** SOURCE DATA follows **

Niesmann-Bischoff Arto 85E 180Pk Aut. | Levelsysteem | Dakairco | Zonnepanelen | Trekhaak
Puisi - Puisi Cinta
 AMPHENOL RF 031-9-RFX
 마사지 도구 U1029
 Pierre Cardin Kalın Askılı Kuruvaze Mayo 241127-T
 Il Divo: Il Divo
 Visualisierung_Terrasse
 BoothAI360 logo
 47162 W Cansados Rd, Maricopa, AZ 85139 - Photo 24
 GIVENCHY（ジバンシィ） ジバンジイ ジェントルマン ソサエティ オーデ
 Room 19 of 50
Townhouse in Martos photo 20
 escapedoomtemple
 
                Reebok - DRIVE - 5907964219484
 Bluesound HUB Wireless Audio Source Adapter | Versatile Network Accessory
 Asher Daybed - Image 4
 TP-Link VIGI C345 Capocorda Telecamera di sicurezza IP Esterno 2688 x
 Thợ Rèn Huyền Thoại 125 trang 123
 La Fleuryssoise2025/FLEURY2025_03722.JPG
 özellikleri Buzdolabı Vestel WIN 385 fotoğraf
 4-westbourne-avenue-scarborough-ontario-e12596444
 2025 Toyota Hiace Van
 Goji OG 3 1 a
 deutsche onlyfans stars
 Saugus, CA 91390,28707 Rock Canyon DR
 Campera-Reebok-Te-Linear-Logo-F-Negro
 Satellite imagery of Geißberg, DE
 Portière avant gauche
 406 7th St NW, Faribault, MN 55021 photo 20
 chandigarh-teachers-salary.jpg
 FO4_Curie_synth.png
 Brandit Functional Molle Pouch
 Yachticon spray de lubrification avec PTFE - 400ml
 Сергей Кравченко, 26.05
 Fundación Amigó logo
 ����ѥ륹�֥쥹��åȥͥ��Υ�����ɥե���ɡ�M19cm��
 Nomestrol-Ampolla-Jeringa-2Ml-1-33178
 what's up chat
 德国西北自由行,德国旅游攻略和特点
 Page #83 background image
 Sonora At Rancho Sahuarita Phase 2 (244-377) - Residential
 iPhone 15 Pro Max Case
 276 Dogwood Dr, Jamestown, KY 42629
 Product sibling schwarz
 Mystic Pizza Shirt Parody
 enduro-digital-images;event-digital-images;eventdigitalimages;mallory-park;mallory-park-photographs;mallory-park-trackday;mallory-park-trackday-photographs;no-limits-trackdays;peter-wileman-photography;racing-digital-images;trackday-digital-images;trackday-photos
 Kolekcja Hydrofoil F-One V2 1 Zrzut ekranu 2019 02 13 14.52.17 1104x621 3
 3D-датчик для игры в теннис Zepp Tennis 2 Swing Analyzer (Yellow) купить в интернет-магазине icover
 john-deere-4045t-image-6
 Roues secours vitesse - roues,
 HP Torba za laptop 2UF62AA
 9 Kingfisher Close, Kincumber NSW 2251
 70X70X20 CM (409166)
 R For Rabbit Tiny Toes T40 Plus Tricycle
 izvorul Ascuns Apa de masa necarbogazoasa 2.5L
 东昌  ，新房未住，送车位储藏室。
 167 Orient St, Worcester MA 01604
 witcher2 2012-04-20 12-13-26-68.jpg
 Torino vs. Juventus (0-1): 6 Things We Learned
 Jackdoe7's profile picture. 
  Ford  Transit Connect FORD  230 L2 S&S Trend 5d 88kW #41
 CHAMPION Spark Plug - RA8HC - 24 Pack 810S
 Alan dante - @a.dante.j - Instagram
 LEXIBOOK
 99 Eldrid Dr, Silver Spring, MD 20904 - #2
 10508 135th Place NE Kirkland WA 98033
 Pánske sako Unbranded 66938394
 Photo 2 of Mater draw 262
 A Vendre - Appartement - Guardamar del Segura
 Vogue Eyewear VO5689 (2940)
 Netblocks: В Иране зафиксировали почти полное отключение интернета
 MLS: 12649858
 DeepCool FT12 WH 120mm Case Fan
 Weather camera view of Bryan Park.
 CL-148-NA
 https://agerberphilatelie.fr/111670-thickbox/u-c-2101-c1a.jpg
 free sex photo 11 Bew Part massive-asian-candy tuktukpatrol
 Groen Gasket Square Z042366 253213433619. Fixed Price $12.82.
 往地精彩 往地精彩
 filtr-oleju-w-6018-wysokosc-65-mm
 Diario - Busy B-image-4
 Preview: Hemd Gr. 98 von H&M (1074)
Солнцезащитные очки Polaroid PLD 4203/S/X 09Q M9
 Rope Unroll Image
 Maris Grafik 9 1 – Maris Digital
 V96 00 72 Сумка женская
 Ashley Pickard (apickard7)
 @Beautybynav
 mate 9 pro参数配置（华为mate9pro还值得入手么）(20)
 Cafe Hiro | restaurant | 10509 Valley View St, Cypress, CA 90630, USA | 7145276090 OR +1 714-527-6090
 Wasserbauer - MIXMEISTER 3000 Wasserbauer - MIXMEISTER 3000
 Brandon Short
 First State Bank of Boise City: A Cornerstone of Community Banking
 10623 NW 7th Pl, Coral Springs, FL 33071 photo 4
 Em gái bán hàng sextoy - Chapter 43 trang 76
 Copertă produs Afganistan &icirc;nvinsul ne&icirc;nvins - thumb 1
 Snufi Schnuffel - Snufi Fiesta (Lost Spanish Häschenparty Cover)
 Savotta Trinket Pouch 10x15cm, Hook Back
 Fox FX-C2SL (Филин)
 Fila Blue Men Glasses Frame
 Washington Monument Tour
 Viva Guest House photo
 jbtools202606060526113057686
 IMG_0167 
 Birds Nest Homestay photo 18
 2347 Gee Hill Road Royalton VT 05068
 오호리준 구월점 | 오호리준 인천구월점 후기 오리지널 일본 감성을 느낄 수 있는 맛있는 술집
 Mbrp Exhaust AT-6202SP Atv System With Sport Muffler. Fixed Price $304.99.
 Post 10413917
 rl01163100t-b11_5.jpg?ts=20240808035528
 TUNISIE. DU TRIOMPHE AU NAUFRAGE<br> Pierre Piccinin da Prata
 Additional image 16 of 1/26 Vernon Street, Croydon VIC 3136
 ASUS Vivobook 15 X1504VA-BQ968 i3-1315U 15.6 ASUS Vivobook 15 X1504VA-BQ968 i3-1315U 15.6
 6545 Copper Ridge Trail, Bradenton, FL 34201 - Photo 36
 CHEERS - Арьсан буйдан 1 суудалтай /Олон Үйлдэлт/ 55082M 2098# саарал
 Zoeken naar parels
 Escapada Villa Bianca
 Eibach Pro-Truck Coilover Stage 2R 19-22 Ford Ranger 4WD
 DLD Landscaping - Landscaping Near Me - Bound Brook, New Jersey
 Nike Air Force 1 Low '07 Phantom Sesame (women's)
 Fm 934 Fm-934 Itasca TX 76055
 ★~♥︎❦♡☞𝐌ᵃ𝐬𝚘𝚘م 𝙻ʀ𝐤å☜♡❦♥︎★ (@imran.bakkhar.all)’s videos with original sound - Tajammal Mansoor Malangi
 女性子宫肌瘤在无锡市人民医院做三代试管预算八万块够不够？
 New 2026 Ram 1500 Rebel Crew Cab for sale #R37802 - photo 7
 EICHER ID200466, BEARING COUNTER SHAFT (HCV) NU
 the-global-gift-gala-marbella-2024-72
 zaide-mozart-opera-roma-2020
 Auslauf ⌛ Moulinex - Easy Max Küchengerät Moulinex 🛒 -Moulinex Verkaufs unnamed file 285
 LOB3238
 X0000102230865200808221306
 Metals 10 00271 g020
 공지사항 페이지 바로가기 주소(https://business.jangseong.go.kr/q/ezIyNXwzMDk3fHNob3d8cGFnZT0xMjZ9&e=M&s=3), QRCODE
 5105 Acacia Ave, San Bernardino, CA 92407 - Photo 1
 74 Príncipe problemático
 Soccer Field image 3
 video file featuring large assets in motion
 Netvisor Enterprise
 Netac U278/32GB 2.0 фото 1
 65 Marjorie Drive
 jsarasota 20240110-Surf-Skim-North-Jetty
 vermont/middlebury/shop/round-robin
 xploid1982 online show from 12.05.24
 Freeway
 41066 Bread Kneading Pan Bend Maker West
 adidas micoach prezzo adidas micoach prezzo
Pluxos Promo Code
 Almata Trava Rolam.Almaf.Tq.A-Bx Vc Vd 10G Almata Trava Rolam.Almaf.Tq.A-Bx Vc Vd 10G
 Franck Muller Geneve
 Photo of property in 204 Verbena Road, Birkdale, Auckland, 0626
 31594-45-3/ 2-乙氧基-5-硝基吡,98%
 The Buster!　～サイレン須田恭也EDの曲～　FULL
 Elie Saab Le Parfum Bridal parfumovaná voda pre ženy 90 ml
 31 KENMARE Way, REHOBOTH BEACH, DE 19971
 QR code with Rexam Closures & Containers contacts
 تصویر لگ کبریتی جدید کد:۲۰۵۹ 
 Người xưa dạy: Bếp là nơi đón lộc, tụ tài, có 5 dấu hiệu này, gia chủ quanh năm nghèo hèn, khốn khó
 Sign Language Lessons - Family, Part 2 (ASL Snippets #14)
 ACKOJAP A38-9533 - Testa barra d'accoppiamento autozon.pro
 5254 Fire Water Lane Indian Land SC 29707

** End of SOURCE DATA **

For each line above that contains the word "trang", copy that line.

 Thợ Rèn Huyền Thoại 125 trang 123
 Em gái bán hàng sextoy - Chapter 43 trang 76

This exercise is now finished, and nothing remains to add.